* **How to complete this task**: Copy, word for word, the line containing "PoseidonWorried Discord emoji" and each line that follows it in the entries below; pictures do not belong in the copy.

Items listed in a dataset
-*-*-

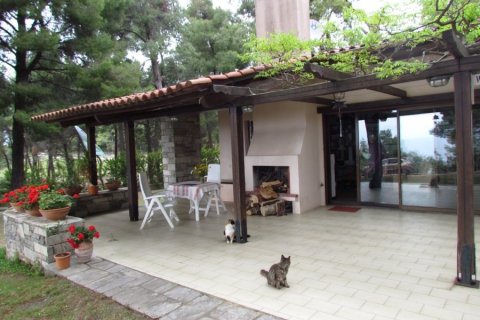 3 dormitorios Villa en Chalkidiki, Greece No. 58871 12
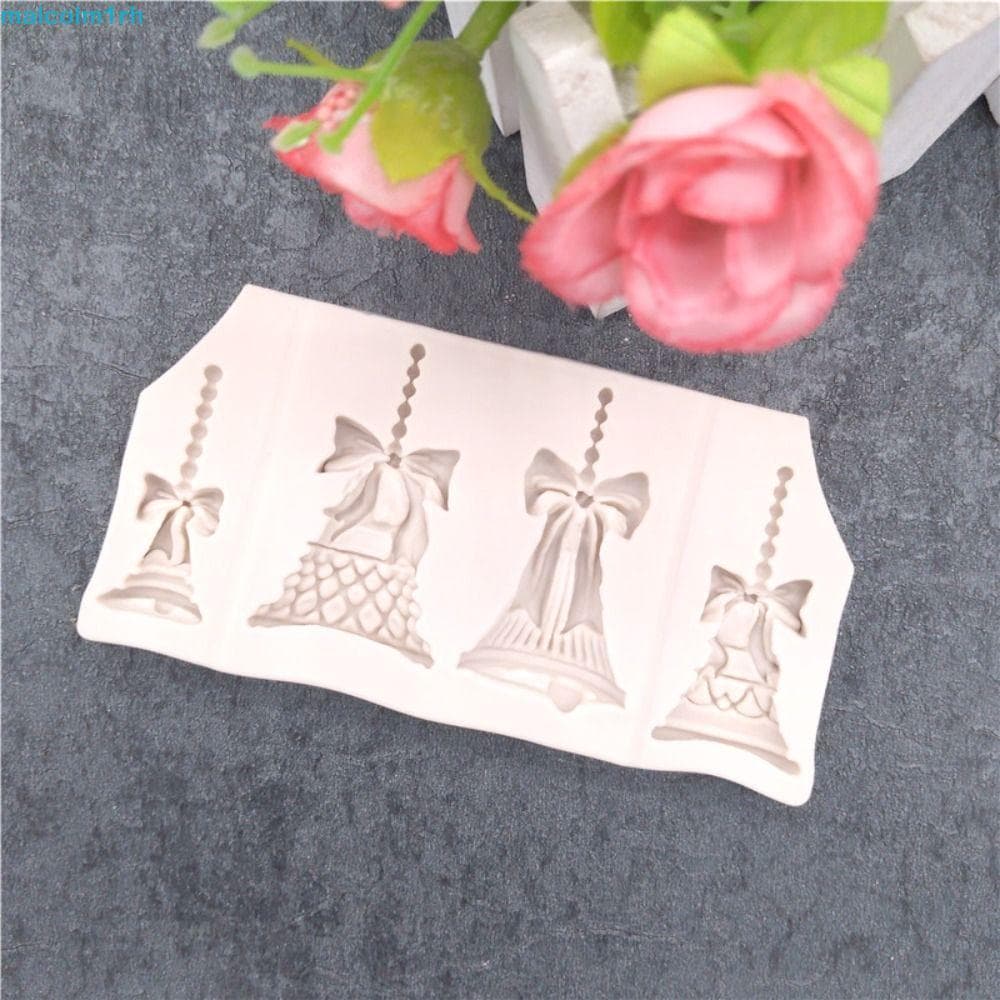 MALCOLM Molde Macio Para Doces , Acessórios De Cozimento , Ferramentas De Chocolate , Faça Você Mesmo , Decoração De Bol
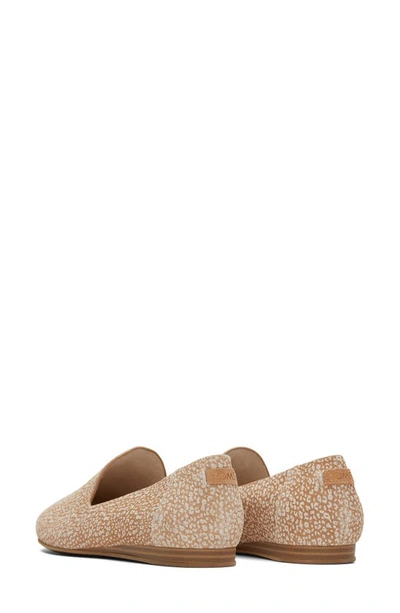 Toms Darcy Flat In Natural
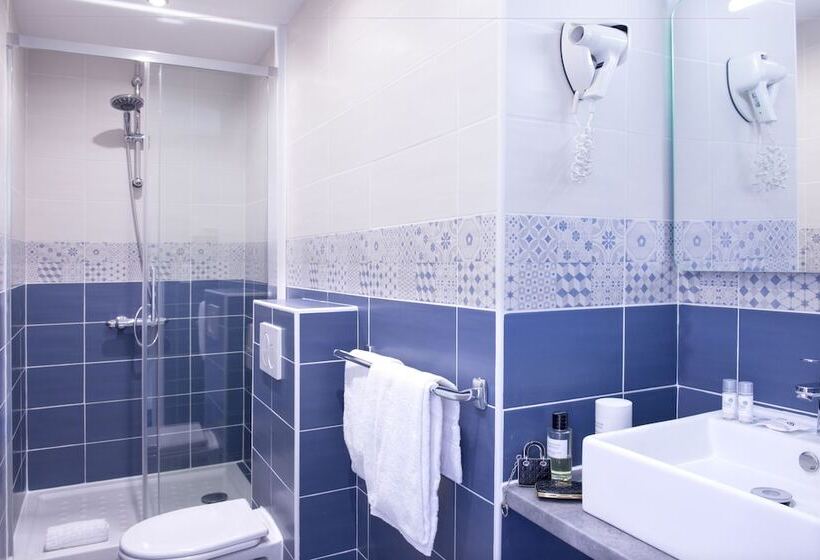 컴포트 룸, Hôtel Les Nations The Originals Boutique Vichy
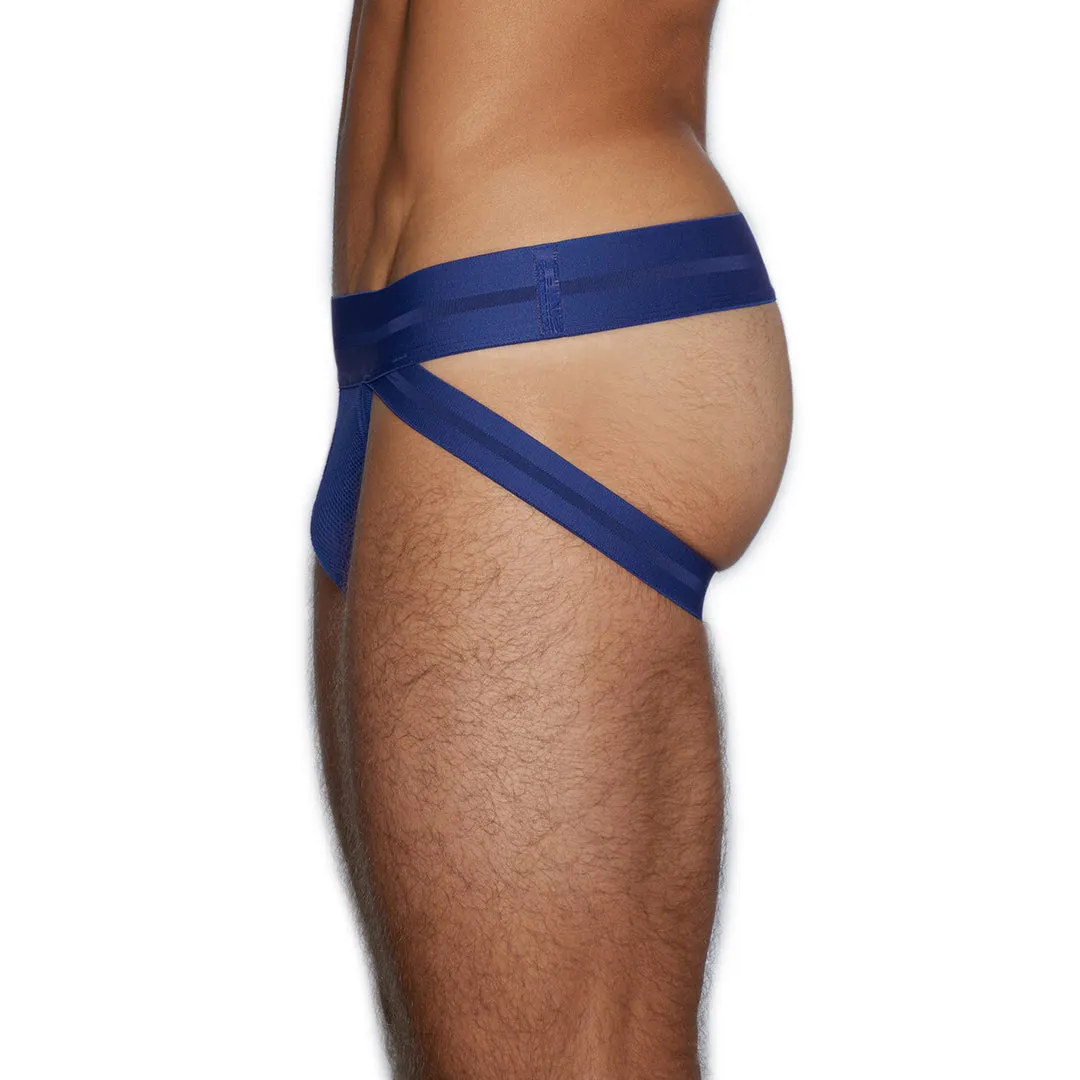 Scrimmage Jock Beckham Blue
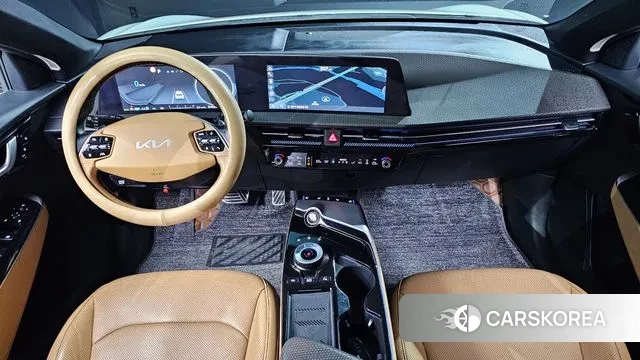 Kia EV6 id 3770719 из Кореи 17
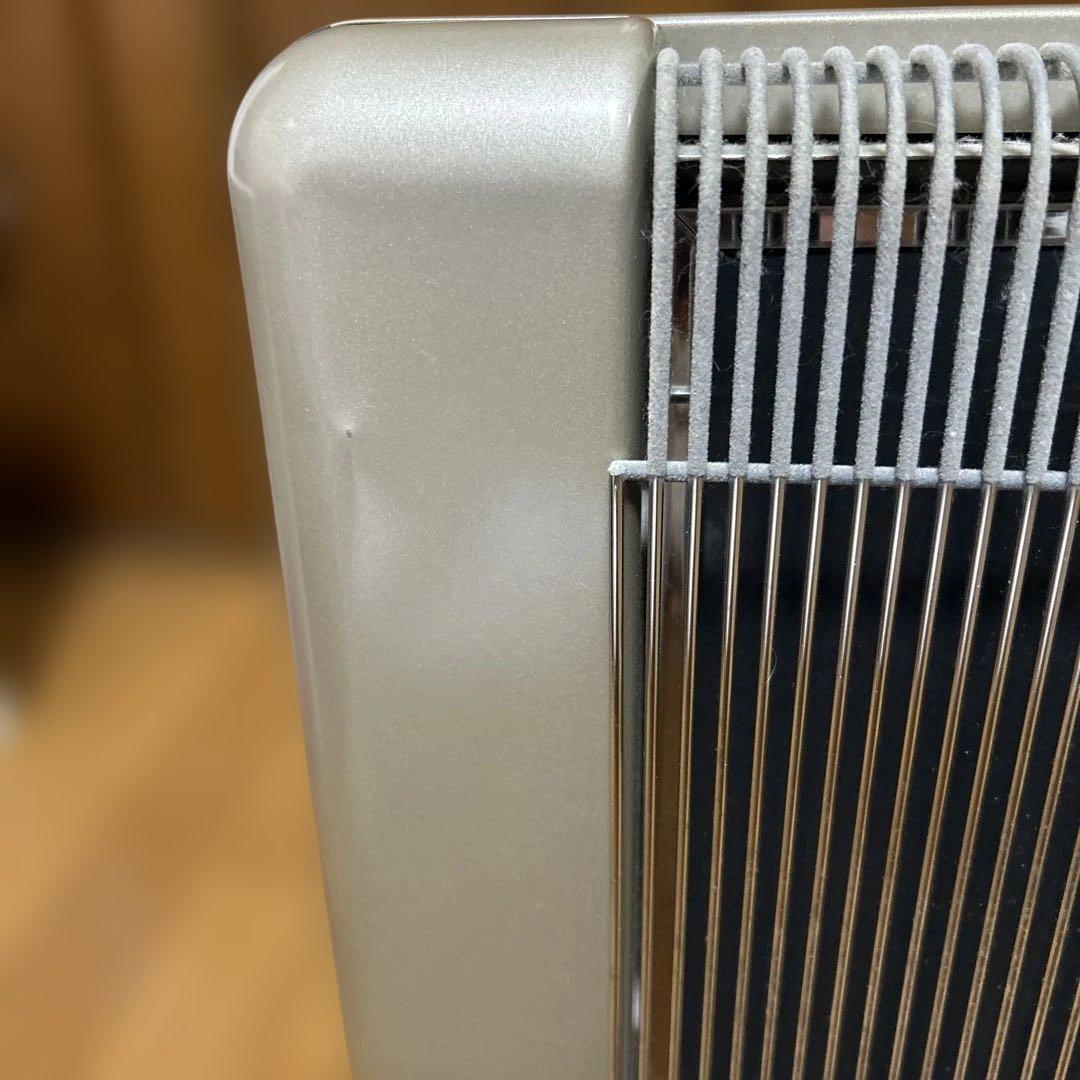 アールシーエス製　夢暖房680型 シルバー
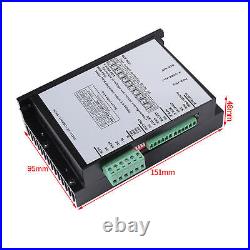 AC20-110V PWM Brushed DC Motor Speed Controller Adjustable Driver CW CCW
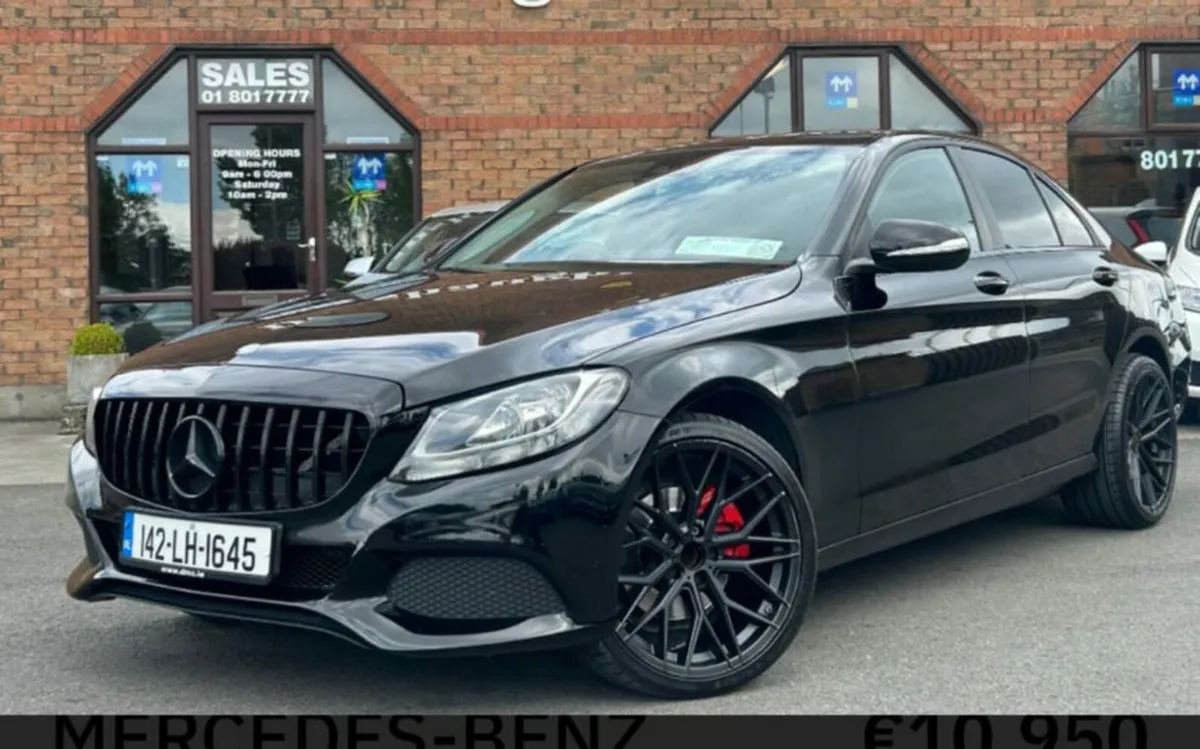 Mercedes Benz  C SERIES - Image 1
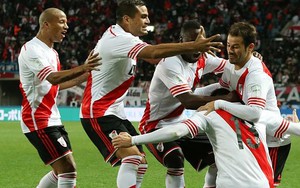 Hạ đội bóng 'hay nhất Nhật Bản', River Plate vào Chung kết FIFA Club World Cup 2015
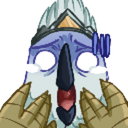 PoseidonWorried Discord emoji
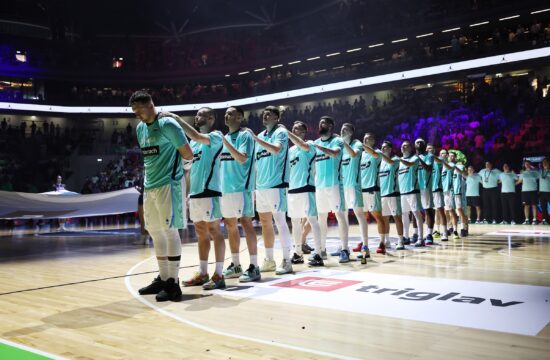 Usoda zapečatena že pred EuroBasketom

-*-*-

* **Solution to this task**:
 PoseidonWorried Discord emoji
 Usoda zapečatena že pred EuroBasketom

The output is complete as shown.